Hal ini karena dalam Islam, seorang lelaki punya kekuasaan atau otoritas atas perempuan sebagai seorang "pemimpin keluarga" sehingga besar kemungkinan jika seorang pemimpin keluarga memiliki keyakinan yang berbeda, mereka akan memaksa perempuan untuk meninggalkan agamanya dan mengajak anak-anaknya mengimani keyakinan Sang Ayah. Dan kelak sesuai firman Allah di atas, mereka akan menjadi ahli neraka.

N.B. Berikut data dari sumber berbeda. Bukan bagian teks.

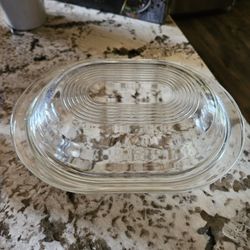 Vintage 602B Pyrex Dish W Lid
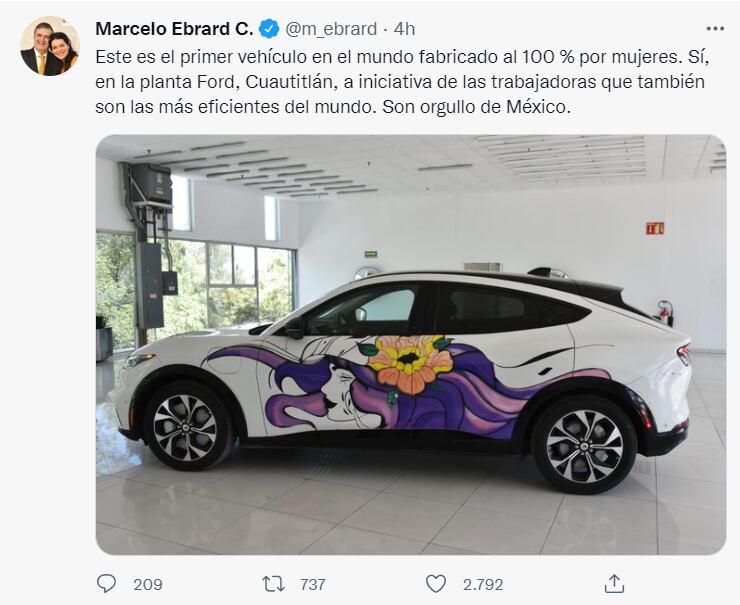 Así es el carro hecho completamente por mujeres que Marcelo Ebrard presumió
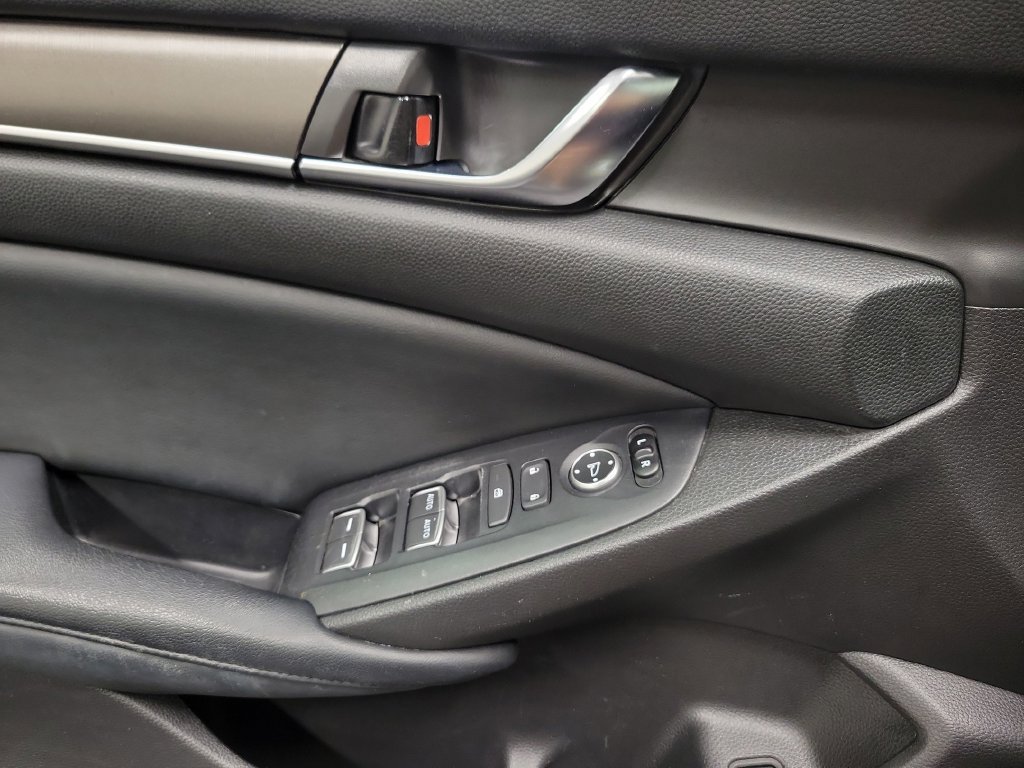 Used 2018 Honda Accord LX image 27
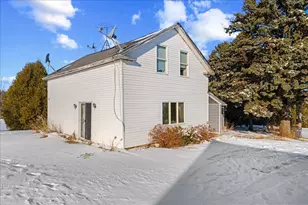 E3837 Church Rd, Kewaunee, WI 54216 - Photo 6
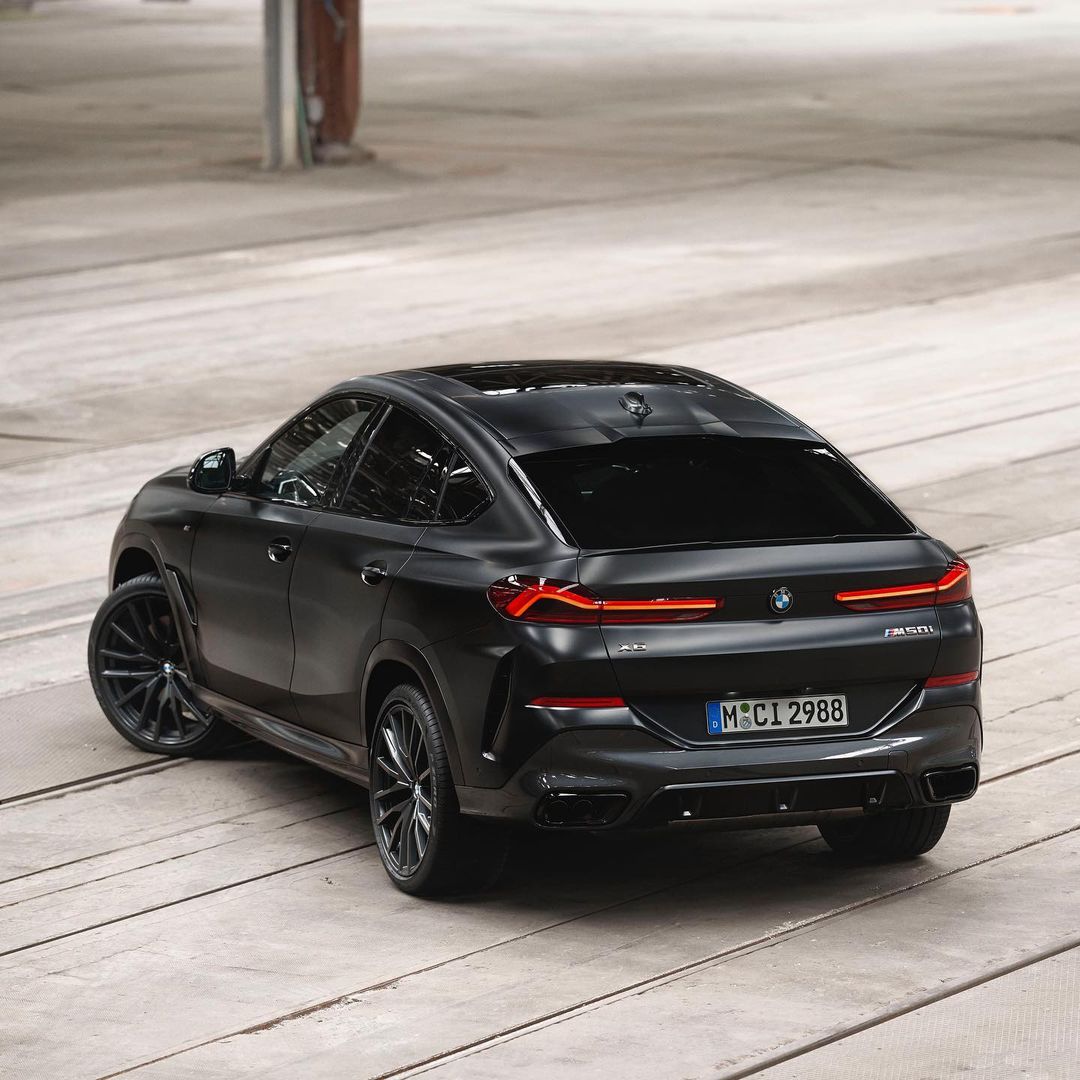 cars_pixels's tweet image. BMW X5 M50d and X6 M50i Black Vermilion Edition.

&amp;gt; Iconic grille with red slats
&amp;gt; Red brake calipers
&amp;gt; Orbit Grey 22" 742M wheels
&amp;gt; BMW Individual Frosty Black metallic
&amp;gt; Red seat piping
&amp;gt; BMW Individual decorative Black Royal Lacquer
&amp;gt; Bowers &amp;amp; Wilkins Diamond Surround Sound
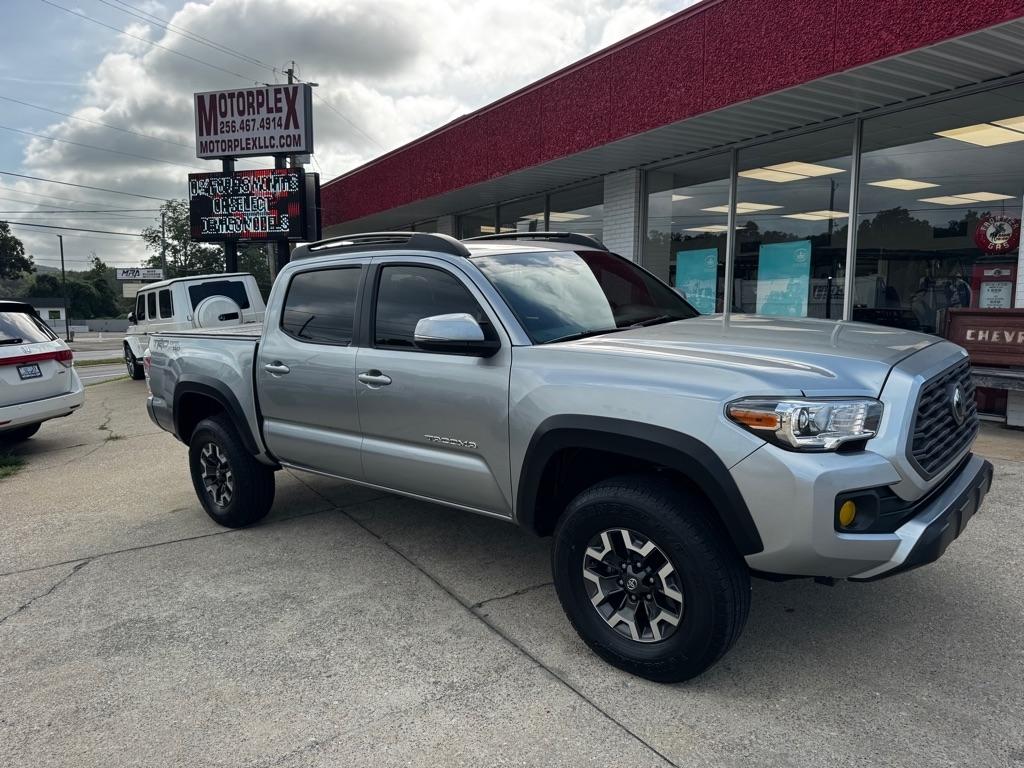 Toyota Tacoma SR5 Double Cab Long Bed V6 6AT 2WD 2022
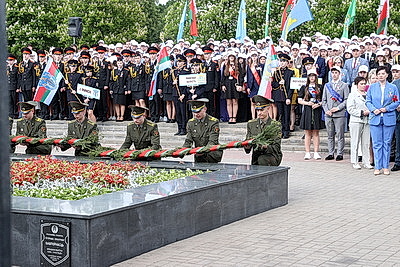 С благодарностью за мирное небо. Выпускники возложили цветы на Аллее Героев в Гомеле
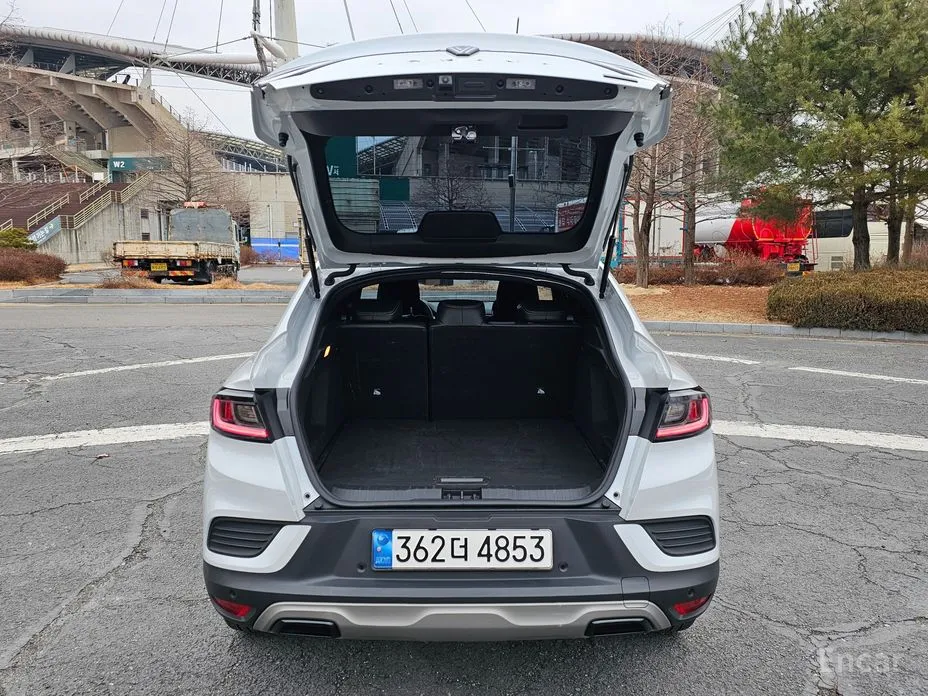 Renault Arkana 2024 1.6 E-TECH Iconic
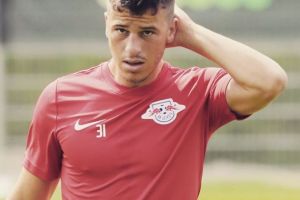 Demme: “Mi hanno detto che a due anni e mezzo ero già capace di stoppare di petto” item-thumbnail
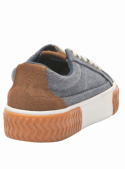 detalles en cuero y textil de la zapatilla azul casual de mujer, ideal para un look diario y actividades urbanas.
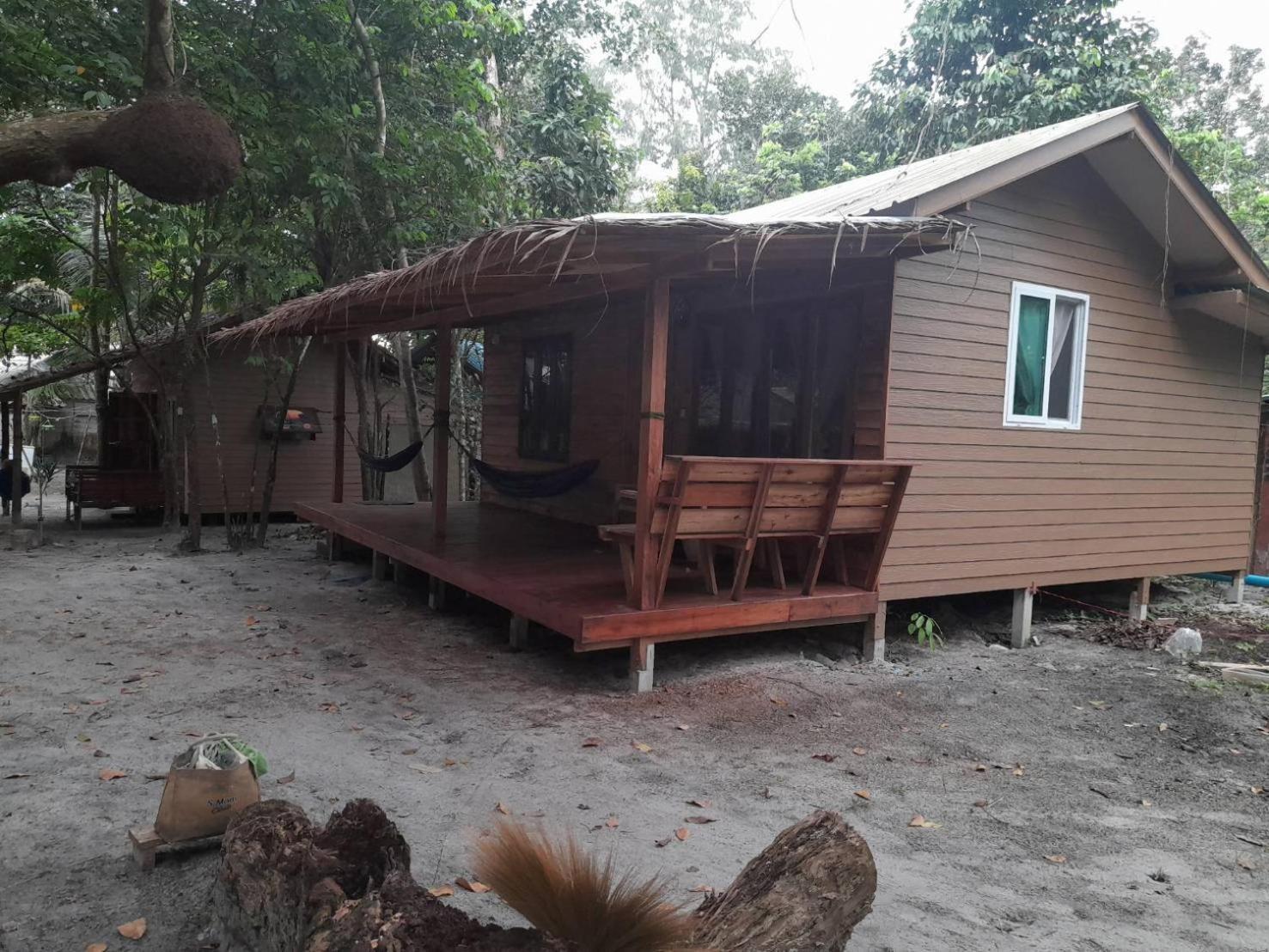 Lazy Hut Hotel Koh Phayam Exterior photo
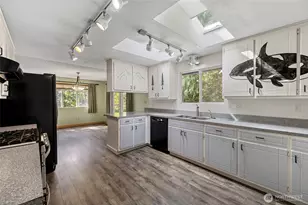 2121 S Cedar Hills Dr, Mount Vernon, WA 98274 - Photo 18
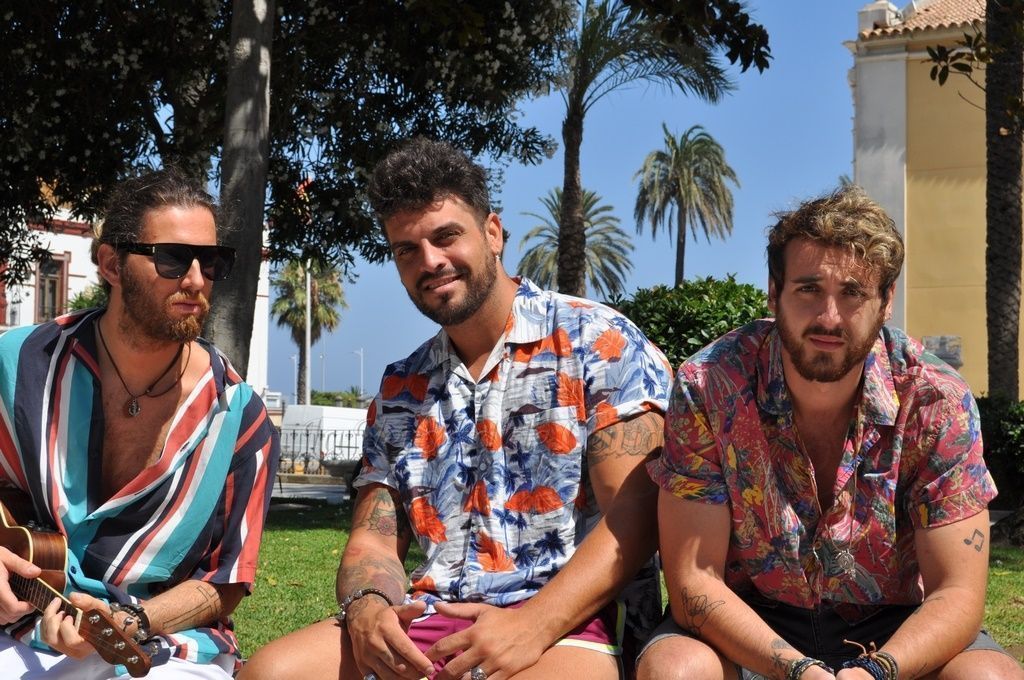 Bombai Cantantes grupo 2
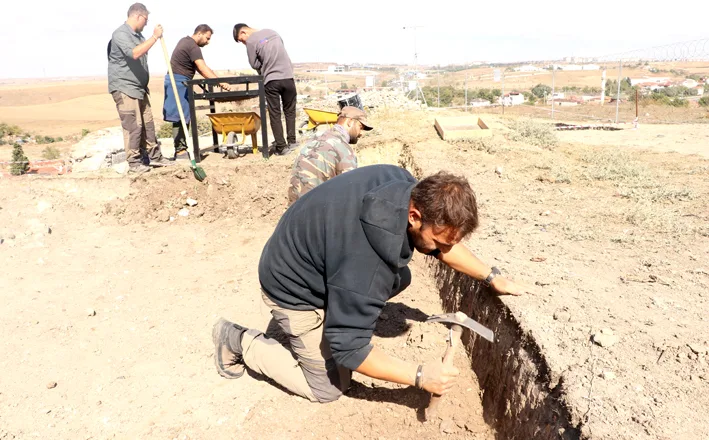 Corlu kalesi kazi 4 - Çorlu Kalesi’ndeki kazılarda Roma, Bizans ve Osmanlı dönemlerinin izleri ortaya çıkarılıyor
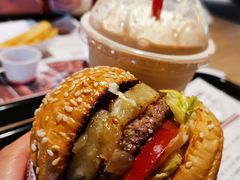 -The Habit Burger Grill 哈比特汉堡(复兴soho店)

Begitupula yang tertuang dalam Kompilasi Hukum Islam yang mengatur tentang Hukum Keluarga dalam Bab Larangan Kawin Pasal 44 yang berbunyi,

Seorang wanita Islam dilarang melangsungkan perkawinan dengan seorang pria yang tidak beragama Islam.

Pasal tersebut sesuai dengan fatwa Majelis Ulama Indonesia (MUI) dalam qoul mu’tamad yang secara tegas mengharamkan perkawinan beda agama karena sesuai dengan Ilmu Fikih, beragama Islam adalah syarat wajib untuk melangsungkan akad nikah, jika dilanggar maka hukum akan berlaku karena pernikahan dianggap tidak sah dan terbilang zina.

Sedangkan para saksi dan orang tua/wali yang ikut menikahkan kedua pasangan yang berbeda agama, tidak mendapatkan konsekuensi hukum. Mengingat pernikahan dijalankan oleh kedua orang yang sudah dewasa (aqil-baligh) maka hukuman pembebanan hukum taklifi akan jatuh ke kedua mempelai yang ingin membina rumah tangga.

Dalam pandangan fikih, orang tua juga tidak dibebani oleh efek dosa, namun alangkah lebih baik jika kedua orang tua dapat membimbing anak untuk sebisa mungkin menghindari pernikahan beda agama.

Semoga kita bukan termasuk orang-orang yang bergelut dengan zina.